However, if you are letting your pigs roam freely in the woods or another setting and want to be able to keep them somewhat contained, you will want to erect a strong perimeter fence that is also flexible enough to be moved.
Woven polywire can work as a solution but make sure the stakes are embedded firmly in the ground as pigs will easily be able to uproot them.
Electric tends to be the preferred method of fencing for most pigs.
That’s because pigs train quickly and easily to electric. This is partially due to their intelligence but also because of the fact that they have large, wet noses and very little hair – there’s not much to insulate them from the shock!
Often, all you need is two strands of fencing to keep the hogs in – but I recommend three or four so you don’t have to worry about it.
For larger hogs, two wires placed at 10 and 18 inches above the ground are essential, with another ower wire added in for smaller pigs or piglets.
The good news about raising pigs is that they are smart (although I suppose this can also be a bit of bad news, too!). Pigs are like dogs in that they will run loose all day but ultimately they will want to come home.
Of course that’s not always the case – that’s why feral pigs are such a problem, after all. However, chances are, as long as you don’t let your pigs wander too far and have plenty of incentives for them to come back (shelter, food, water, etc.) then they should come home.
But it’s far easier to initiate these tips for preventing pigs from escaping than it is to try to clean up after the fact – or wait around for your pigs to return. So take steps now to keep those pigs where they should be – home!
A city girl learning to homestead on an acre of land in the country. Wife and homeschooling mother of four. Enjoying life, and everything that has to do with self sufficient living.
15 thoughts on “5 Ways to Stop Pigs from Escaping – and How to Catch Them If They Do!”
Thanks for this post. It gave me hope. All day yesterday I chased a little pig in and out of cornfields. Praying she’ll come back on her own.
I absolutely love this post.We are about to move out to a two acre family property and I am making all sorts of plans as a soon to be new homesteader. I want pigs, with out a doubt, but I am terrified that I won’t be able to contain them. I wouldn’t care if they roamed the property like the inherited Goat that thinks he is a dog, but I am worried for their safety from my 4 dogs who have never lived in that kind of environment.
I enjoy reading others stories of success and failure! Thanks for Sharing!
My grandpa once gave my sister, Ruth, a spotted pig. Ruth named her Swine. We were able to keep her in for a long time, but once she got big, she got out nearly every day. Once we found her chasing a neighbor around and around her house, she was afraid to stop and open the door to get away!
We used to say that when pigs get out, their head is always on the wrong end! It’s not like cattle or horses ~ those can be herded.

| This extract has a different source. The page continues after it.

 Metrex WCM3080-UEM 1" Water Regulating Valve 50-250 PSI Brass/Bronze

Although you haven’t had success with electric fencing, pigs are very smart. Once they get zapped by it, they will not cross it. Which can make it quite a chore trying to set up a new area for them because you won’t be able to get them to cross where that electric fencing once was. We would use pig paneling along with a single wire of electric fencing at the level of the nose of the pig.
When sows have young, keep an eye on them. The sow will wallow and lay on and kill her young. When we were in Holland, they had a fenced area for the sow but the piglets could get thru to suck as there was an area big enough only for the piglets to get thru.
A sister in Christ
I have to admit we had a similar situation with our chickens, as in, we finally built a fence good enough to keep them in and now I open it and let them out whenever I am home.

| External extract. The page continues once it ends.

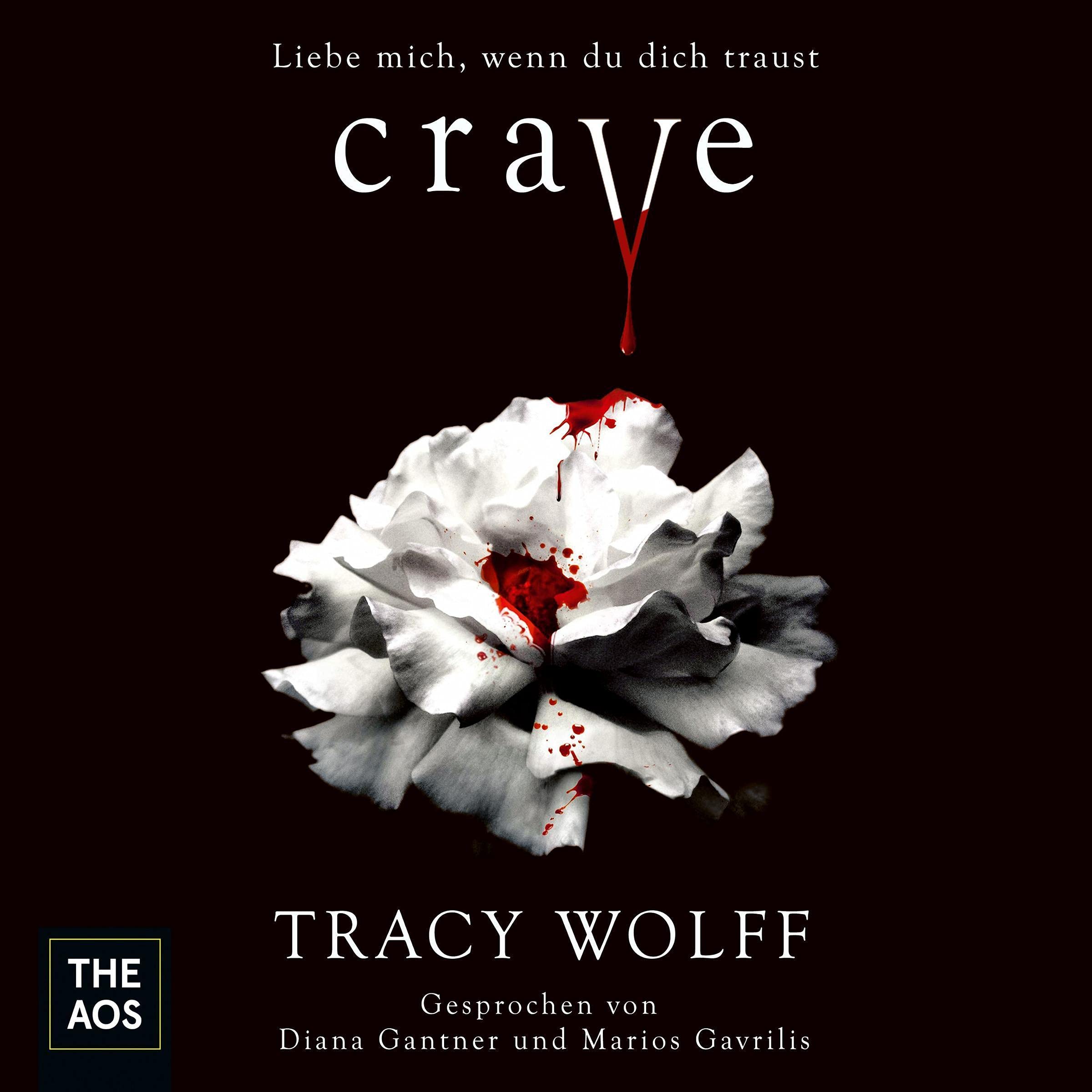 Cover art for Crave (German edition)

Animals are meant to roam. My chickens have half of my large yard fenced in and I still feel like they need to be let out!
Huh! I guess we pick well behaved pigs*wink* In the 6 yrs we’ve been getting pigs, we’ve never come close to having the troubles you’ve had, sorry for the snicker, Oppps! We always have two or three. They are a herd animal, and seem to like the company of other pigs or animals. Be careful they DO eat chickens! One of our layers got into their pen and next thing we see them running about their pen with something, shaking it. Yep one of my best layers
Our pigs have always enjoyed being scratched, having their belly rubs, and especially the rubber curry comb rub down, Ahhhhh.
Maybe it’s the breed you have, skittish. Our pigs are Berkshire cross.
The two this year root around like mad, sometimes digging down over 4 ft deep. Now that the ground is frozen that has come to an end, so we are giving them old hay,in which they eat, use for added bedding and for entertainment. Actually pigs are quite amusing, well…. when they aren’t on the loose anyway*wink*
Take care and if you want some awesome loose sausage recipes I’d be glad to share. We butcher, cut, wrap and make our own sausage. Soon as the smokehouse is built, we’ll be smoking our own hams and sidepork too, until then we have a friend who does it for us, what a blessing.
Have a great weekend
The Never Done Farm
Lucky you! Hopefully our pig will learn how to behave herself. And yes, I’d LOVE LOVE LOVE some recipes!!!
This is the best thing Ive read anywhere in awhile! the pig is cute! I used to know some people who had 2 pigs, and they let them stay in the house, honestly, they had pigs that lived in the house and went in and out like a dog! now thats extreme ! Ive always heard theyre a little hard to deal with, but I dont know. I still cant belive youre going to end up eatting her. ( are you sure, really? ) I said before, if I had one, it would end up a pet, and Id probably end up a vegetarian!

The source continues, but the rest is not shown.